◆ WORK TASK:
Give all the lines below again, exactly, with no pictures.
--- SUPPLIED INFORMATION Enclosed Below ---
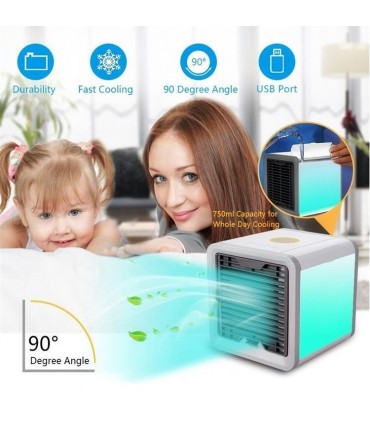 Преносим персонален климатик, Арктик Кулър 3в1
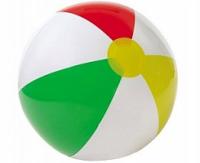 ПЛЯЖНЫЙ МЯЧ 41СМ, ОТ 3 ЛЕТ, 59010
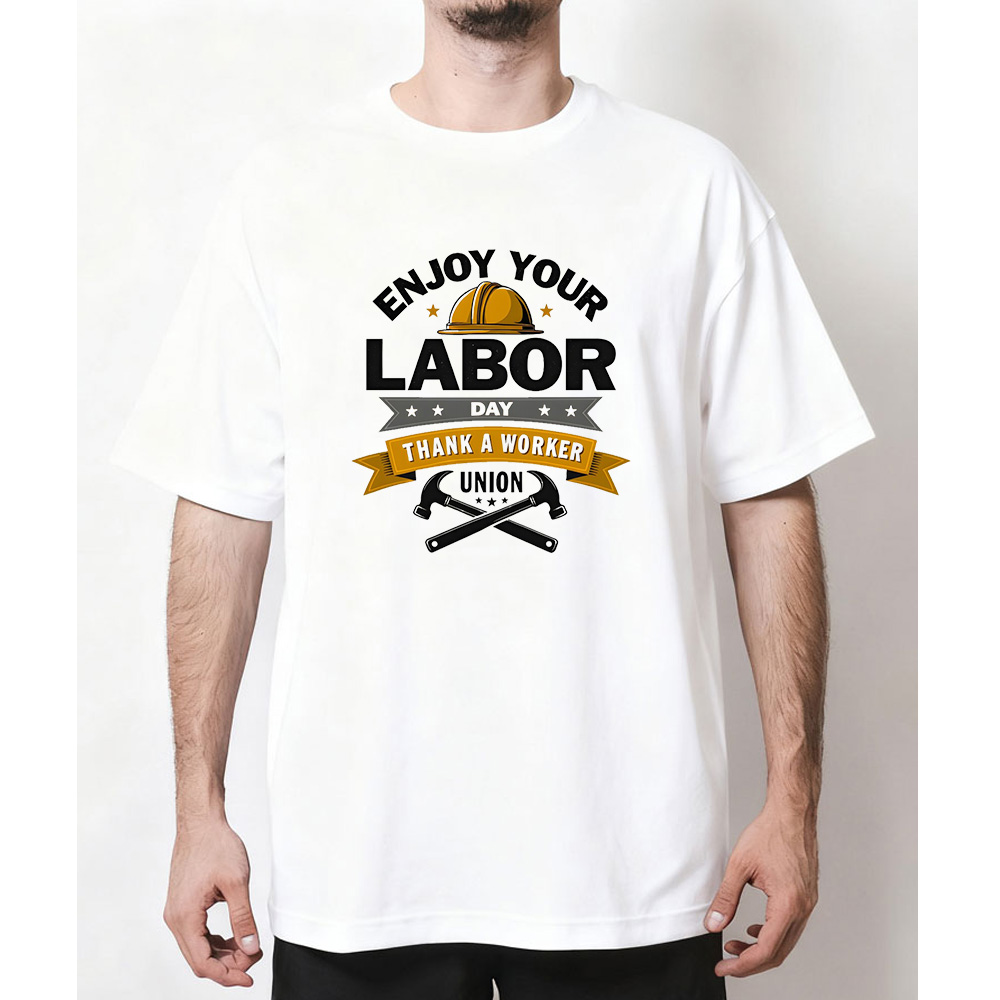 Labor Day Thank a Worker Union - Men'S Fashion Today recensie en prijs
--- End of Enclosed SUPPLIED INFORMATION ---
◆ ANSWER AREA:
 Преносим персонален климатик, Арктик Кулър 3в1
 ПЛЯЖНЫЙ МЯЧ 41СМ, ОТ 3 ЛЕТ, 59010
 Labor Day Thank a Worker Union - Men'S Fashion Today recensie en prijs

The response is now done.